I've never gotten along particularly well with my characters. No matter how much I try to coax them into complexity, to elicit cautious sympathy or even love-hate, they refuse. They sit there stubbornly on the page, tongues hanging out of mouths, defying any form of literary prodding. I've done everything to get a different reaction from them.
In one of my darker moments, I caught myself yelling at my characters, threatening to dump my laptop into a bath full of water if they didn't shape up soon. I was so fed up once that I killed them all off, one by one, until nothing was left but a household of objects, sitting motionless and ageing.
It's not that my characters lack a motive or are short on anything interesting to do. No, instead they consistently fall into that black hole of literary missteps - stereotypes. Seeking sanity, I turned to Angie Abdou, guest author at the 2011 Whistler Readers and Writers Festival, for some emailed advice:
Piech: What, in your opinion, is the most essential ingredient to creating real characters that are believable, complex, flawed and authentic?

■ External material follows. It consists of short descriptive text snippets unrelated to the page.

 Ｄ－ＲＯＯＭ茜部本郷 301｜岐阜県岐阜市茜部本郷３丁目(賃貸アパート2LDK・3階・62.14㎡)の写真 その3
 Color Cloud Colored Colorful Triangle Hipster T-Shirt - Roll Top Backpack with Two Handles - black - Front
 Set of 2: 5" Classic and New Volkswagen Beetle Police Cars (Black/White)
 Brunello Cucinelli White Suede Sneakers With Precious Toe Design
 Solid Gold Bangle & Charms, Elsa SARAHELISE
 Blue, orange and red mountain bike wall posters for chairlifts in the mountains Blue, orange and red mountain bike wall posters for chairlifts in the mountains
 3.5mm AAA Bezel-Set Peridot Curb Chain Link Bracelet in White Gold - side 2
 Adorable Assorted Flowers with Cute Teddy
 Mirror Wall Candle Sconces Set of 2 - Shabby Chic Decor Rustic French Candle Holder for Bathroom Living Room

Piech: Out of all the characters you have created, who is your favourite?
Abdou: For some reason, Fly from The Bone Cage jumps into my head when I read this question. I've always liked him - probably because he's the most selfless of my characters. He cares about his friends. He's not solely motivated by his own selfish desires. Most of my characters tend to be a lot more ego-driven than he is.

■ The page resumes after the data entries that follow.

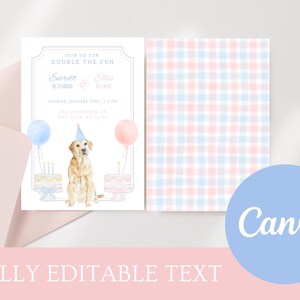 Joint Birthday Puppy Party Invite, Dog Party Invitation Template, Blue and Pink Gingham Puppy Party, Grand Millennial Puppy Birthday Invite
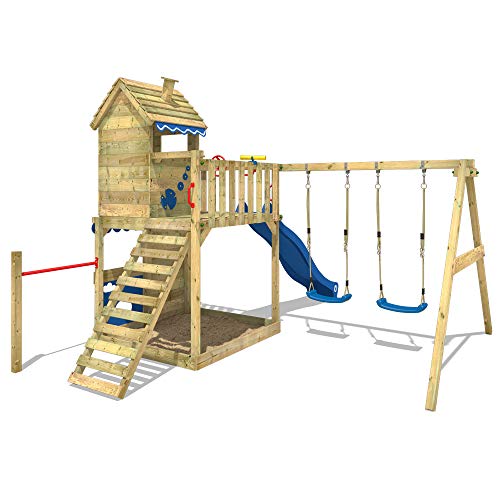 WICKEY Spielturm Klettergerüst Smart Sand mit Schaukel & Blauer Rutsche, Kletterturm mit Sandkasten, Leiter & Spiel… – Bild 4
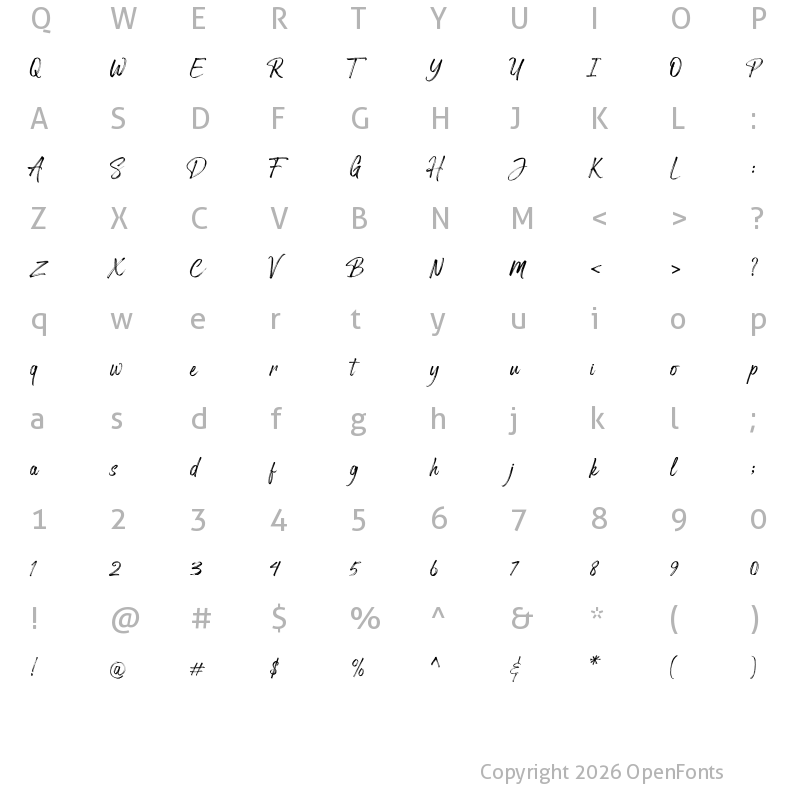 Character Map of Arthur Hill Regular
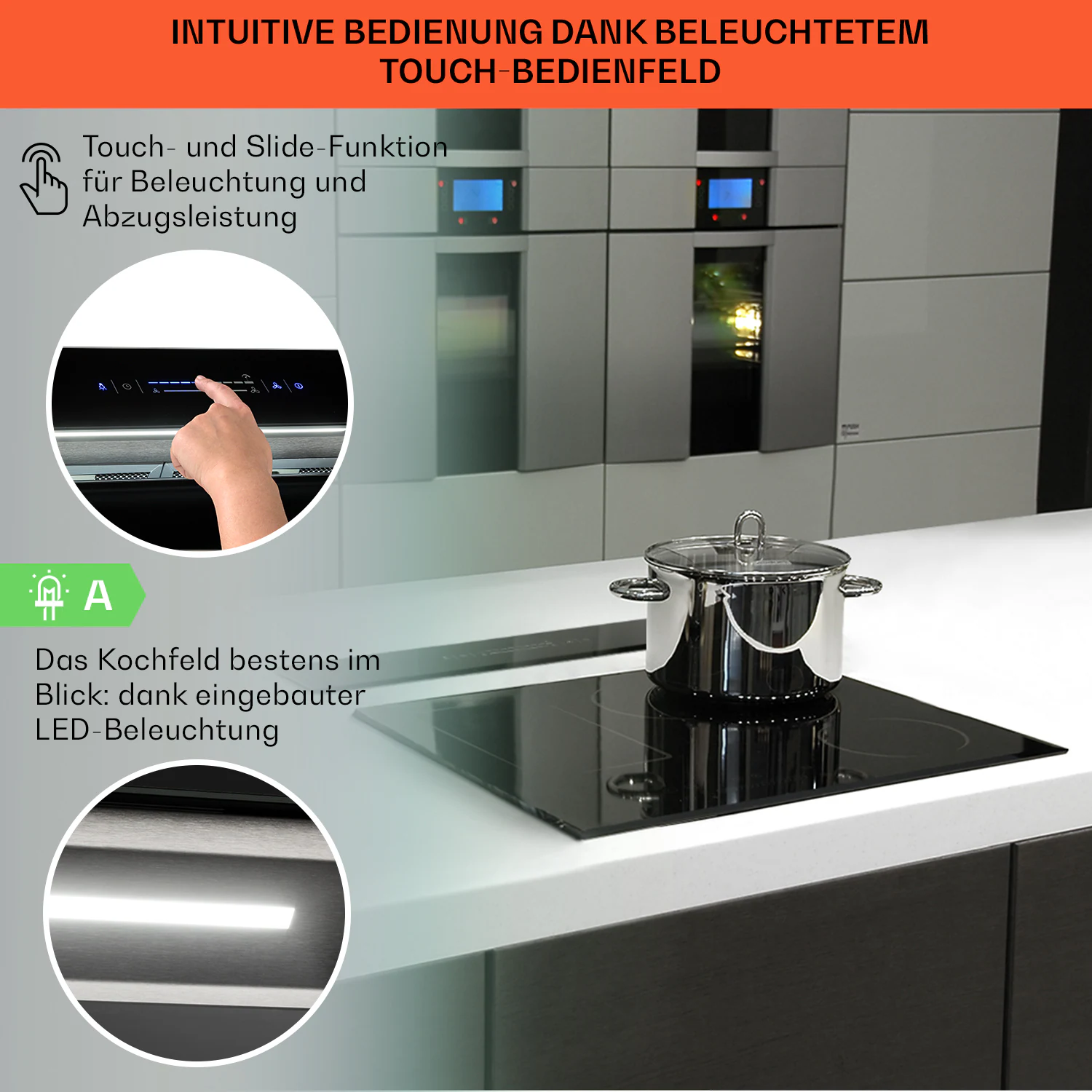 Royal Flush Eco Dunstabzugshaube 60 cm 576 m³/h A+ Schwarz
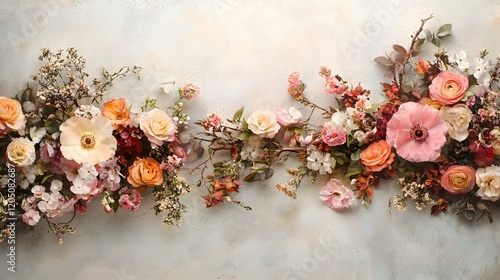 Delicate pastel floral arrangement on textured background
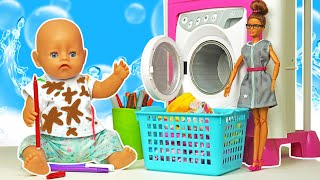 Baby Annabell -nukke ja lelupesukone | Likaiset vaatteet ja lasten leikit nukkejen kanssa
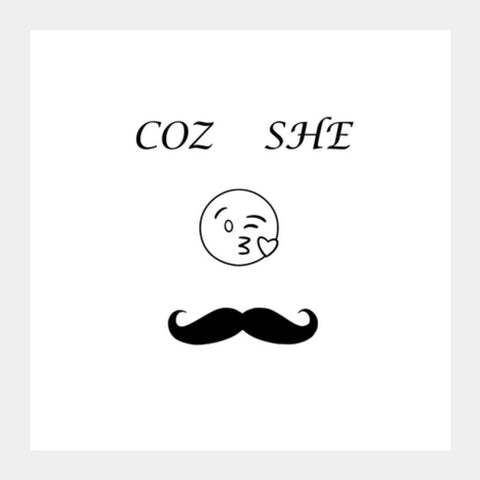 Moustache art Square Art Prints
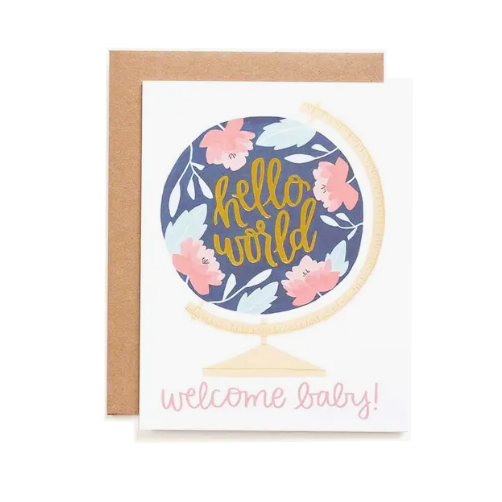 Card - Baby - Welcome Baby Globe by 1Canoe2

Piech: Do you find there is a common trait to many of your characters?
Abdou: My characters are all looking for a way to find meaning in their lives. They're often at a crux where their identity is fluid. They tend to be somewhat isolated and have trouble making real connections, even with the important people in their lives - their identity and interactions have a performative quality to them.
Piech : How have the characters you have created for your stories changed over the last 10 years?
Abdou: You stumped me here. In some ways, my characters haven't changed all that much. I am interested (and have always been interested) in deeply flawed characters who often make bad decisions but hopefully readers root for them anyway, simply because they're human. My characters tend to be on the verge of transition - in Anything Boys Can Do that transition had to do with relationships, whereas in The Bone Cage and The Canterbury Trail the transition has to do with the looming responsibilities of adulthood. In that way, my approach to characterization hasn't changed. As to the way I go about creating those characters, I hope I'm getting better at it... And will continue to get better at it as I grow as a writer.